Making our way through the eclectic, at-capacity crowd Friday — it seemed anyone around us, from bearded, bespectacled wine-sipping college students to beer-swilling high school teachers — could be a character from IFC’s Portlandia. The show comically romanticizes Portland as a Northwest Neverland of residual Gen-X malaise where nearly everyone is either too hip to be practical or vice versa. The crowd itself proved that mass subculture is indeed not only a thing now, but so rampant that we’ve all been to Portlandia, even if we’ve never gone anywhere near Portland.
After a pre-taped introduction by actor Kyle MacLachlan, reprising his role on the show as the eccentric mayor of Portland and encouraging us all to have a good time while remaining courteous to those around us, Portlandia stars/creators Fred Armisen and Carrie Brownstein promptly took the stage to roaring applause and went straight into a bit regarding unequivocally affectionate text messages between the two. Later, they’d present slide shows of photos they’d found on each other's computers. If you’re not familiar with the hilariously hardwired chemistry between these two, there isn’t much we can say to make that sound any funnier on paper.
Even better was the entirely unscripted Q&A to and from the audience in which the duo’s gift for quick wits propelled the show’s momentum, even when such a brave experiment inevitably went wrong.
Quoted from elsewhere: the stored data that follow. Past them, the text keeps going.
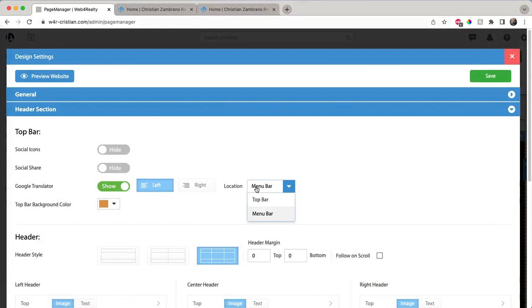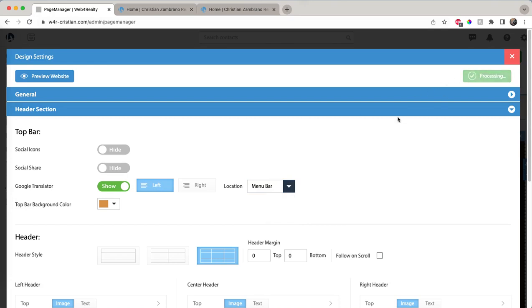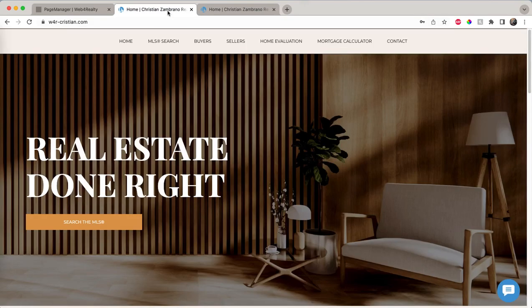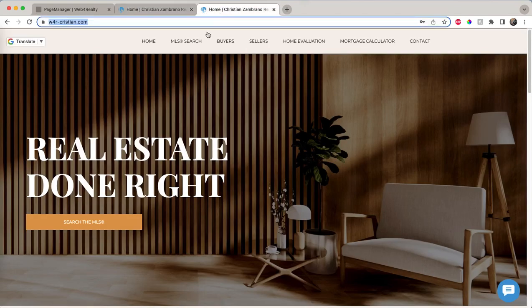I want it on the menu bar and at the left side of the screen. Once you click Save, go to the website and refresh, and you'll be able to see the widget.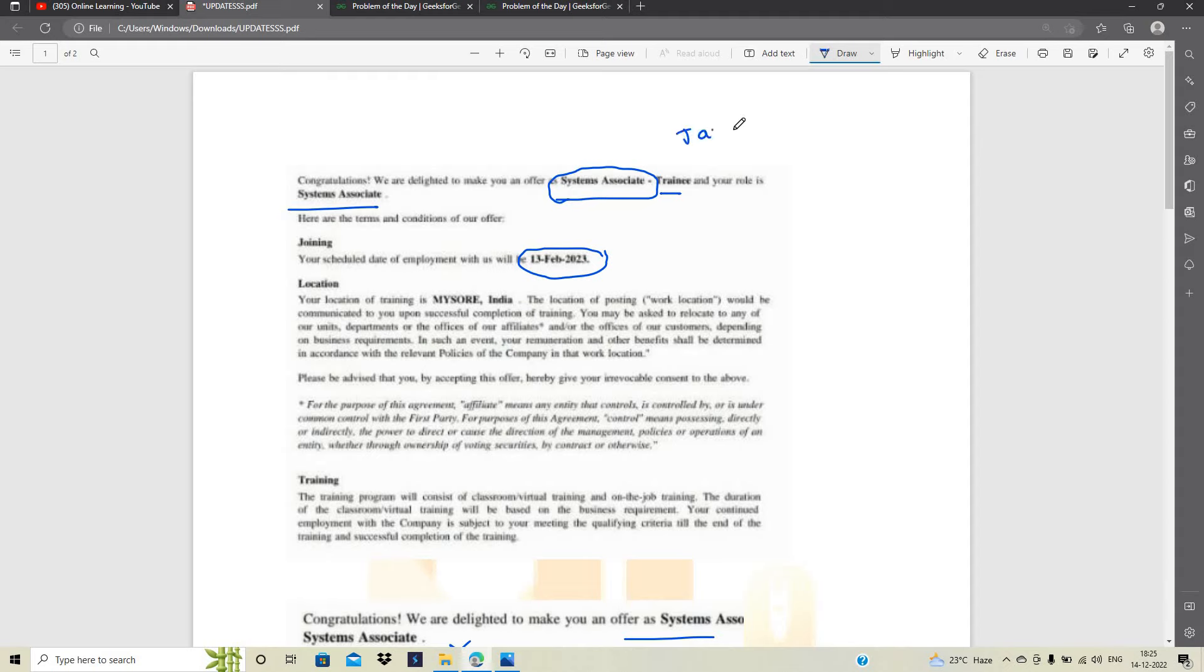Means सबसे बड़ी बात तो मैंने जो बोली थी कि January से April के phase के बीच में आपको joining देखने को मिल सकती है तो यह रहा उसका first proof ठीक है? अब बात करते कि यह system associate role के लिए आया है.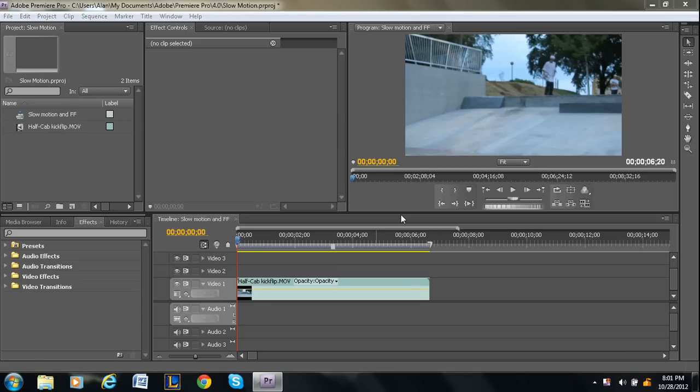Hey guys, how's it going? I'm Alan from Premiere Pro Tips, and I've got another tutorial.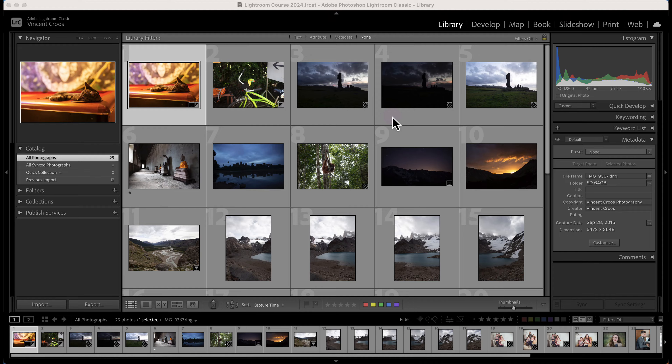Hey, what's up guys, this is Vincent and in this Lightroom Classic tutorial I'm going to show you how to remove or delete photos from your Lightroom catalog or library.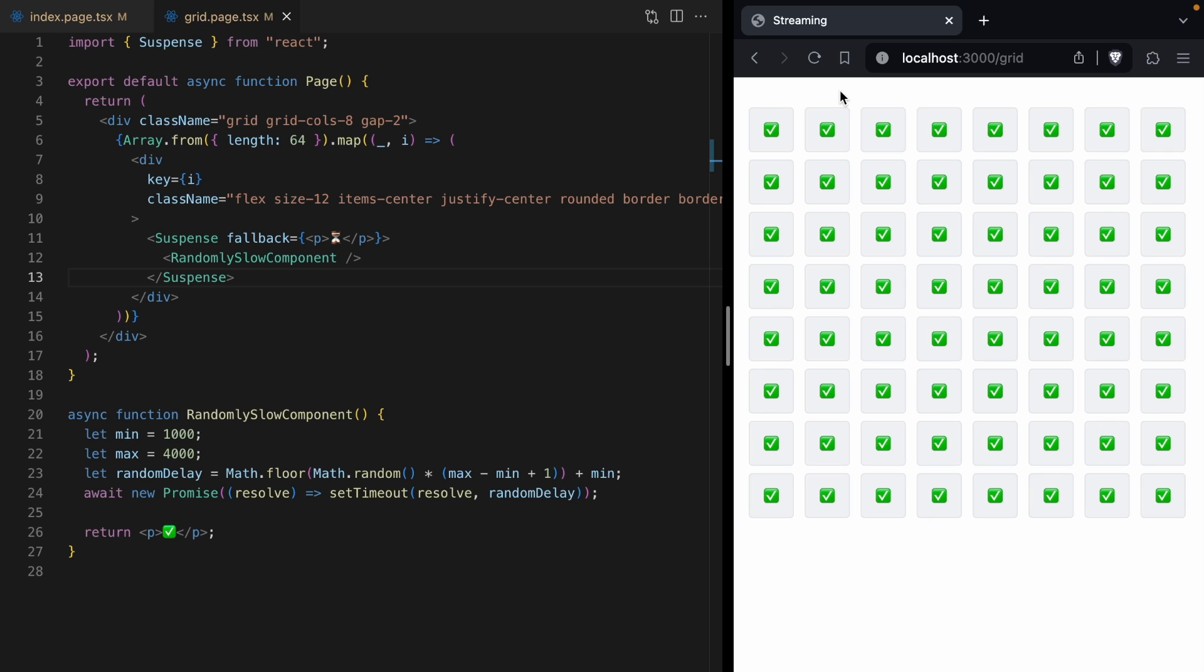We are just streaming down different parts of this grid as the data becomes available. Now, in reality, you probably won't be using out-of-order streaming to stream down 64 different React components. But I do think there's a few situations where out-of-order streaming can be helpful. Maybe you've got some user data in the corner in a header, and you don't want loading that user data to block the whole page. Well, you can just stream that in.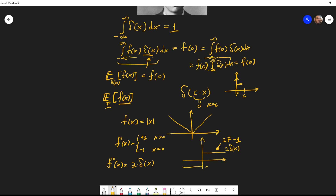Another way to think of it: we have a jump of two here, from −1 to +1, and the Dirac delta function represents a jump of one. So the second derivative of |x| is 2δ(x). This was my small attempt to give some intuition about the Dirac delta function — thank you for watching and see you in the next video.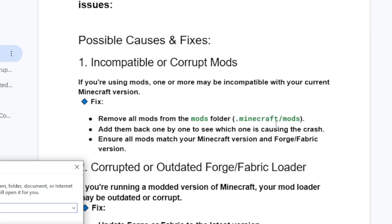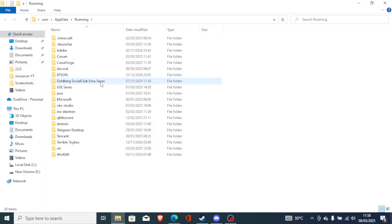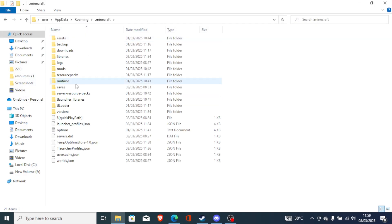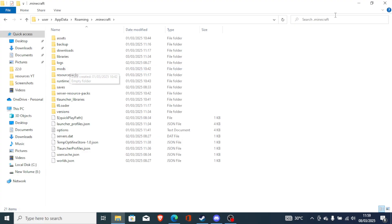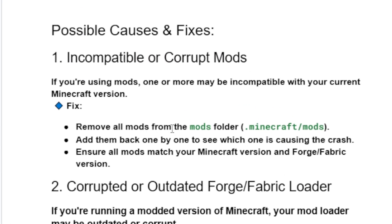Click Windows and R, then type %appdata% and click OK. Look for the .minecraft folder and open it. Now look for the mods folder and open it. Remove all the mods from the mods folder. Then add them back one by one to see which one is causing the crash.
Dear Fred and Carrie: Never underestimate a Nashville crowd’s willingness to grab a mic, even or especially when they have absolutely nothing to say.
More importantly, the two seemed to express a genuine interest in Nashville’s more Portlandic qualities. One fellow in the crowd was dragged onstage and grilled about our best coffee shop, best restaurant and best bar. According to a show of hands, Nashville is the only stop on this tour to which no one took public transportation or rode a bike. To be fair, it may also be the only one where no one was hit by a truck or spent an hour traveling 10 miles.
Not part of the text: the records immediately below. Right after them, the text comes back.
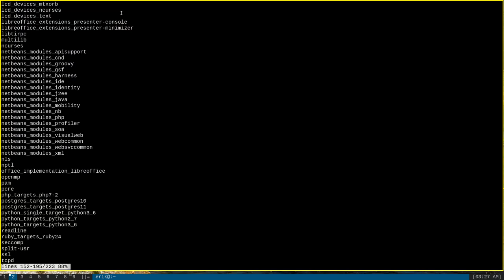What this portageq command does is show all enabled use flags, those enabled by your profile, those enabled in make.conf, and those one-off flags enabled for specific packages. As such, the output is much, much larger, but this is technically a much more detailed and complete view of your use flag system-wide.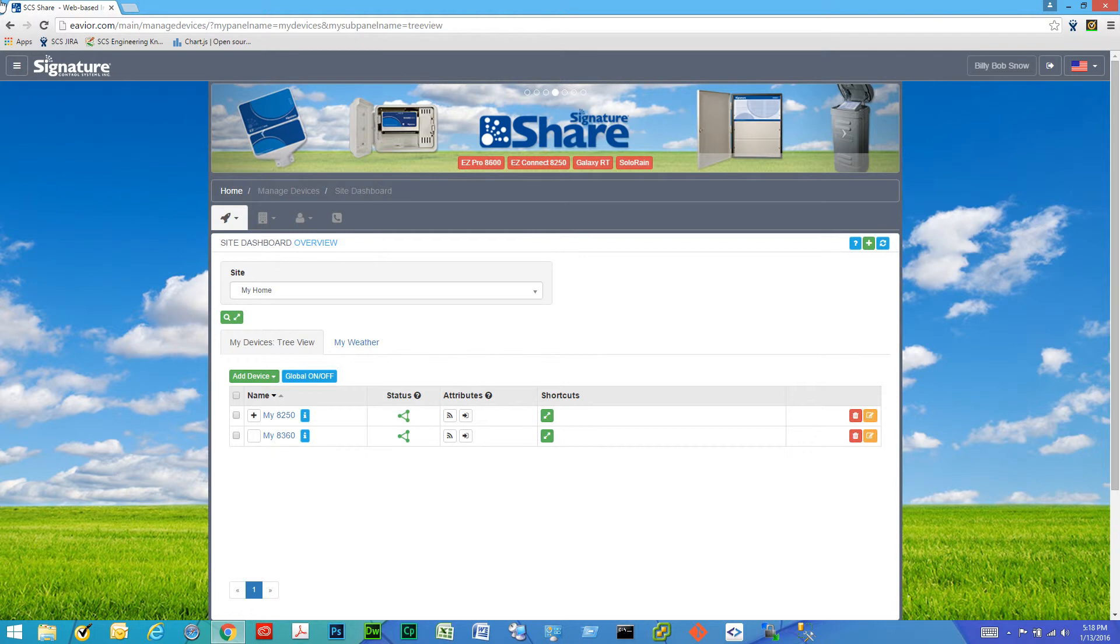A global on-off command basically allows a user to set one or multiple of their controllers throughout their site to on or off state.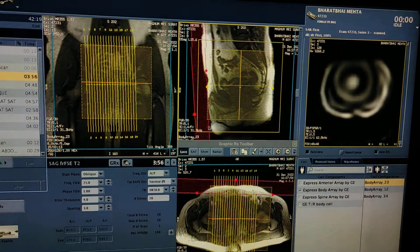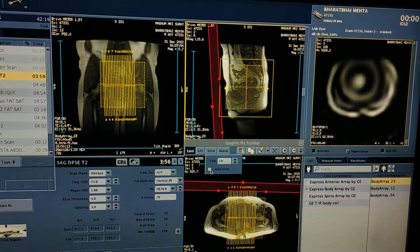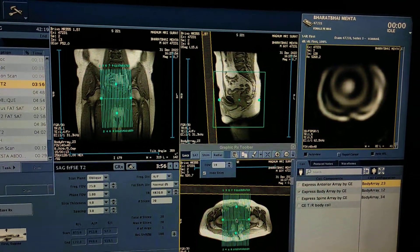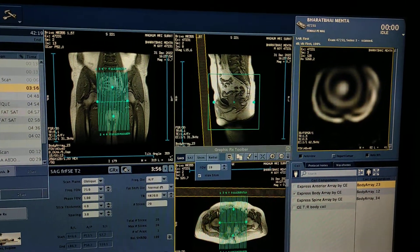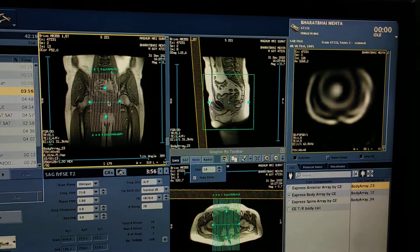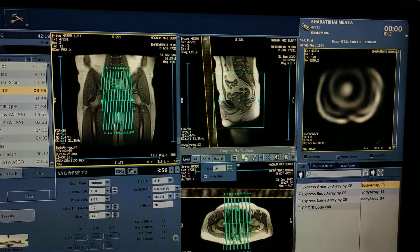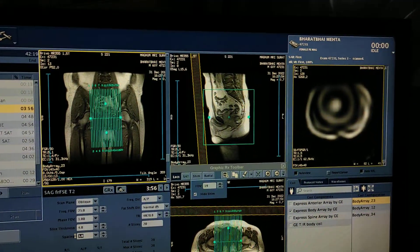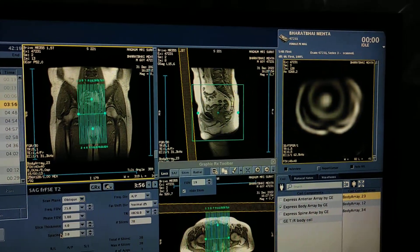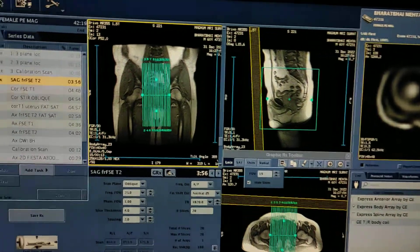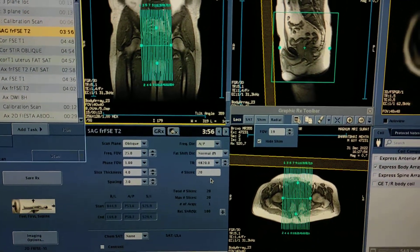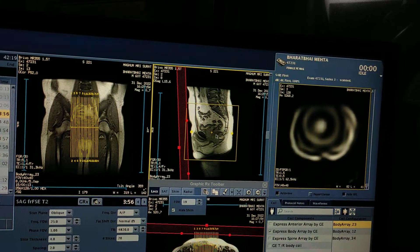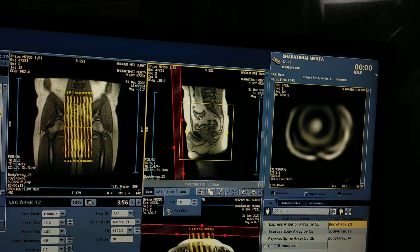Enlarge the image. First of all, adjust your FOV, then tilt or angulate the other sequences. Adjust in coronal and axial. Here it is 4 mm thickness and 3 mm spacing — you can reduce spacing as needed. I am taking 20 images: 4 mm thickness, 3 mm spacing, 20 images. Keep the saturation band anteriorly to reduce artifacts. Click on shim.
Between the aforementioned banter and additional video clips, there was a good deal of music. If you’ve seen the show, recognize Carrie Brownstein from veteran indie act Sleater-Kinney (or Wild Flag, currently), or caught Fred Armisen’s “complicated drumming technique” at The Basement a couple years back, you understand that these guys play. With the help of additional drums and keys, they ran through some of the show’s best-known song skits and seemed to have a pretty awesome time doing that.
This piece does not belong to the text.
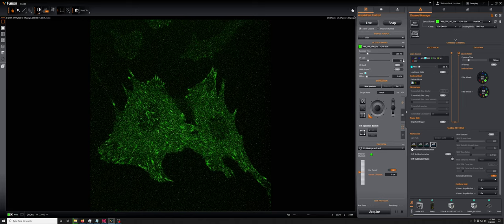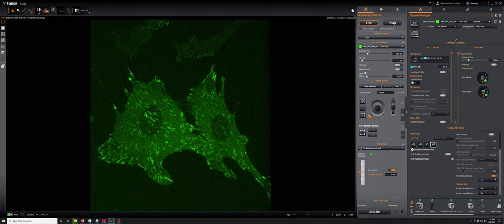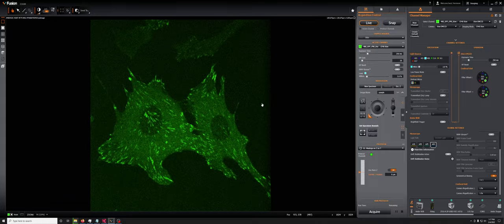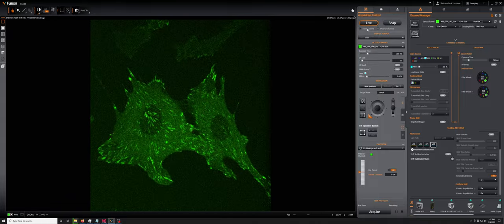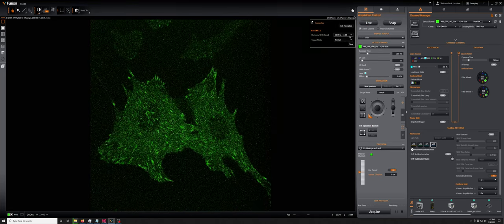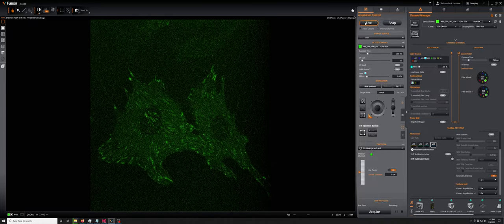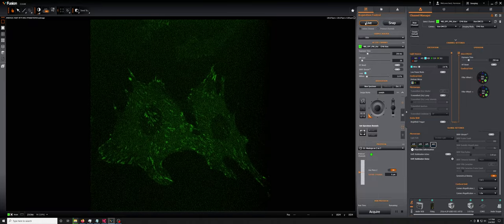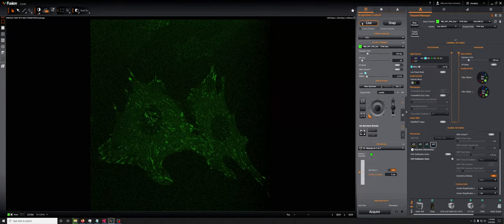Where this becomes most noticeable though is when you're in a situation where maybe you didn't have enough EM gain. So this is the version at 10 megahertz with an EM gain of 20. And look at the version with 30 megahertz. So it's noticeably more noisy.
While previous stops on the tour featured guest appearances from Kyle McLachlan, Parks and Recreation's Aubrey Plaza and St. Vincent’s Annie Clark, Fiery Furnaces' Eleanor Friedberger was our only cameo, as she appeared for a handful of seemingly random and surprisingly earnest covers. Renditions of The Doors’ “Light My Fire” (a reference to Kyle MacLachlan's turn as Ray Manzarek in Oliver Stone's The Doors) and Patti Smith’s “Because the Night” would have seemed more like filler if they weren’t added to the tail end of the show. Then again, who besides Nashville should be more forgiving of a couple tunesmiths looking for an excuse to jam? In what was apparently the tour’s only encore, the band came back out for a rendition of Bruce Springsteen’s “Dancing in the Dark.” An attempt at reenacting the classic video’s pre-fame Courtney Cox cameo resulted in what looked more like a Girl Talk show after another 20 or so folks climbed onstage. Like moths to the proverbial flame, again, never underestimate a Nashville crowd’s willingness to grab some spotlight.